§ How to complete this task
Would you repeat the listing exactly, without any of its images?

§ Given information
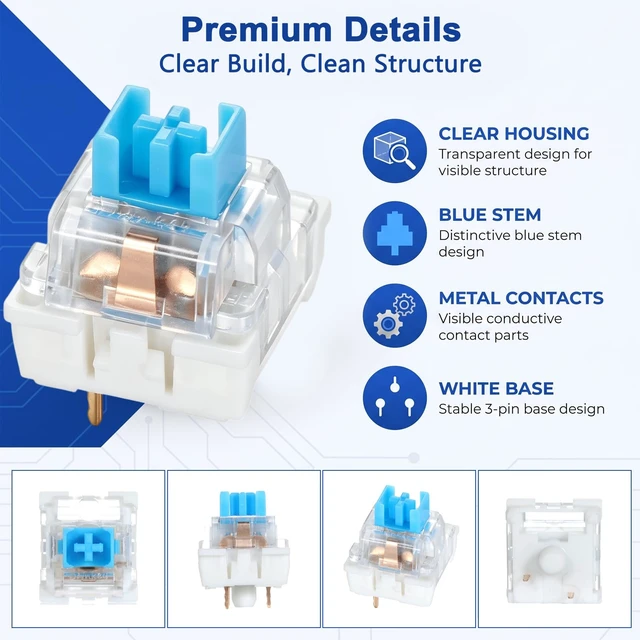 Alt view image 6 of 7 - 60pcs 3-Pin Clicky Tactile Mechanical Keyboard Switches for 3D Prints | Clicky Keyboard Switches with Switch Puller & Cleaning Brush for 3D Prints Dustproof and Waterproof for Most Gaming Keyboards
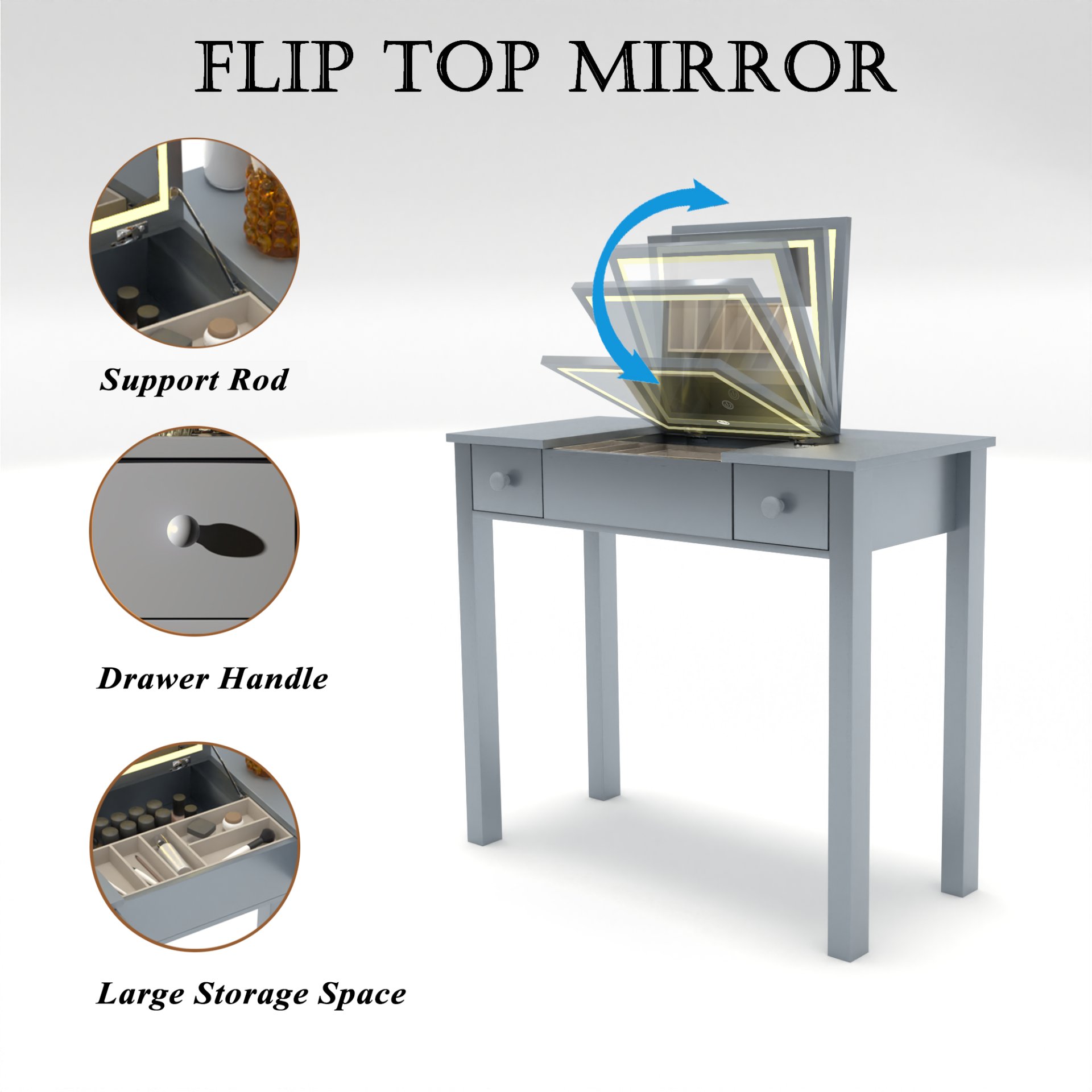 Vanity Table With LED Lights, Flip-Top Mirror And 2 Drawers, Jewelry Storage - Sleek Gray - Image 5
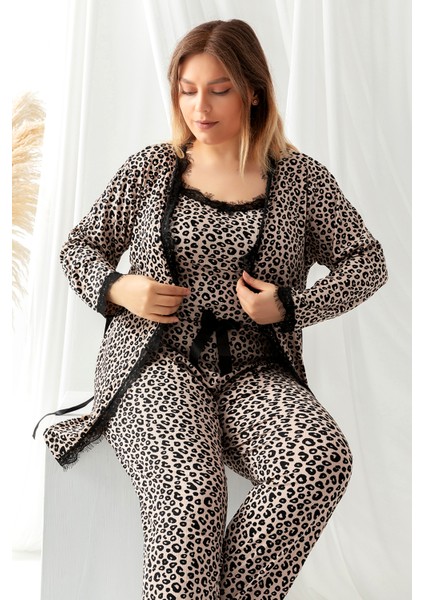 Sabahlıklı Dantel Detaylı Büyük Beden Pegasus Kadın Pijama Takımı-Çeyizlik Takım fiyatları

§ Task output
 Alt view image 6 of 7 - 60pcs 3-Pin Clicky Tactile Mechanical Keyboard Switches for 3D Prints | Clicky Keyboard Switches with Switch Puller & Cleaning Brush for 3D Prints Dustproof and Waterproof for Most Gaming Keyboards
 Vanity Table With LED Lights, Flip-Top Mirror And 2 Drawers, Jewelry Storage - Sleek Gray - Image 5
 Sabahlıklı Dantel Detaylı Büyük Beden Pegasus Kadın Pijama Takımı-Çeyizlik Takım fiyatları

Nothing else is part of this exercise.